Betrüger am Kapitalmarkt jagen, beim Insiderhandel ermitteln, Manipulationen aufdecken - Mit diesen Aufgaben trat 2002 die Finanzaufsicht Bafin an. Fünf Jahre später ist die Bilanz der Behörde äußerst bescheiden.

Vor ziemlich genau fünf Jahren hatte der damalige Finanzminister Hans Eichel eine Vision: Als er Anfang Mai 2002 die deutsche Finanzaufsicht in einer Behörde zusammenfasste, hoffte er auf eine schlagkräftige Truppe.
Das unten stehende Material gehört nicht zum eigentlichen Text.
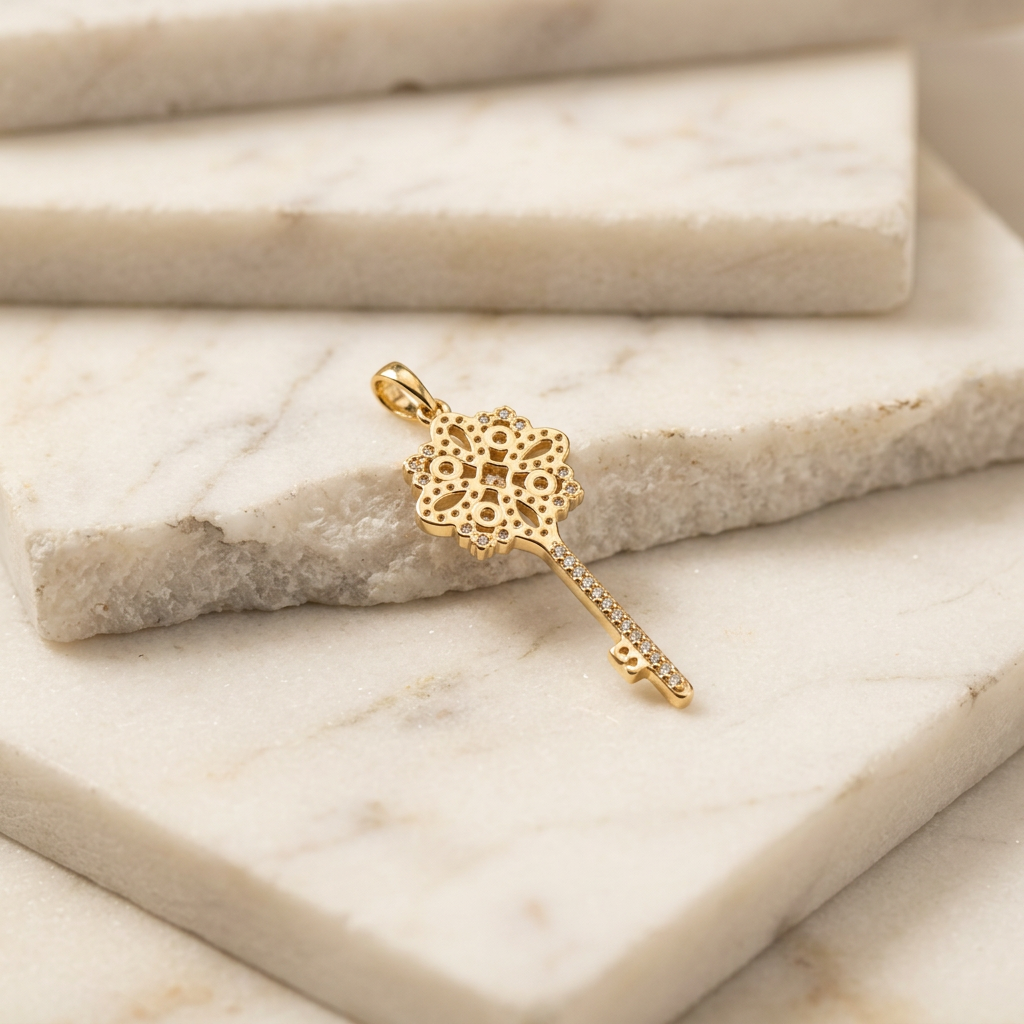 Dije de Oro 14k Llave con Zirconias Brillantes mod. 11221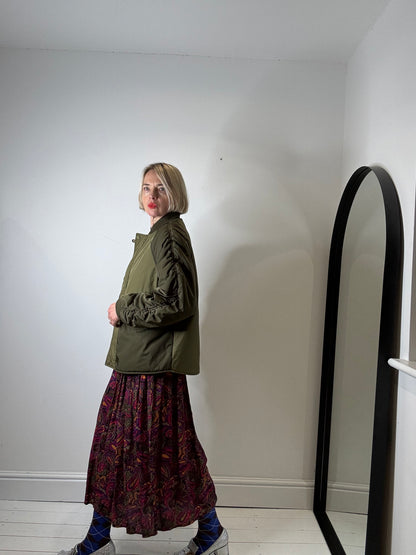 Wadded ruched sleeve jacket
Die Bundesanstalt für Finanzdienstleistungsaufsicht (Bafin) sollte Betrügern am Kapitalmarkt das Leben schwermachen, Insider jagen, Kursmanipulationen aufdecken und darauf aufpassen, dass Versicherungen und Banken mit dem Geld ihrer Kunden solide wirtschaften.

Fünf Jahre nach der Gründung ist von dieser Vision nur wenig übriggeblieben. Die deutsche Finanzaufsicht kann nicht zubeißen, sie ist ein zahnloser Wachtmeister der Börse.

Skandale verschlafen

Die Behörde verschläft große Finanzskandale, sie arbeitet ineffektiv und ist in vielen Fällen machtlos. Der Würzburger Betriebswirtschaftsprofessor Ekkehard Wenger, bekannt durch sein Auftreten als Konzernkritiker bei Hauptversammlungen deutscher Unternehmen, bezeichnete die Bafin einmal als überflüssigste Behörde der Welt.

"Jede Polizeidienststelle, die solch einen Aufwand betreibt und dabei so eine miese Erfolgsquote hat, würde man schließen", sagt Wenger. Der Professor hat leider recht.

Als Anfang März ein Aktienhändler bei der Finanzaufsicht anrief, um die Börsenaufseher auf Kursmanipulationen einiger Händler der Landesbank WestLB mit VW-Aktien aufmerksam zu machen, geschah erst einmal wochenlang gar nichts.

Bei WestLB-Fall passierte zunächst nichts

Erst etwa einen Monat später bemerkte die Bafin, dass es hier wohl um eine der größten Affären im deutschen Finanzwesen seit vielen Jahren geht. Der WestLB-Fall ist nicht die einzige Panne der Behörde, die aus den Einzelaufsichten für das Versicherungswesen, den Wertpapierhandel und das Kreditwesen gebildet wurde: Obwohl es viele Indizien für dubiose Machenschaften gab, blieb zum Beispiel der Betrug der Anlagefirma Phoenix Kapitaldienst jahrelang unbemerkt. 30.000 Anleger hoffen nun darauf, dass sie wenigstens einen Teil ihrer Ersparnisse zurückbekommen.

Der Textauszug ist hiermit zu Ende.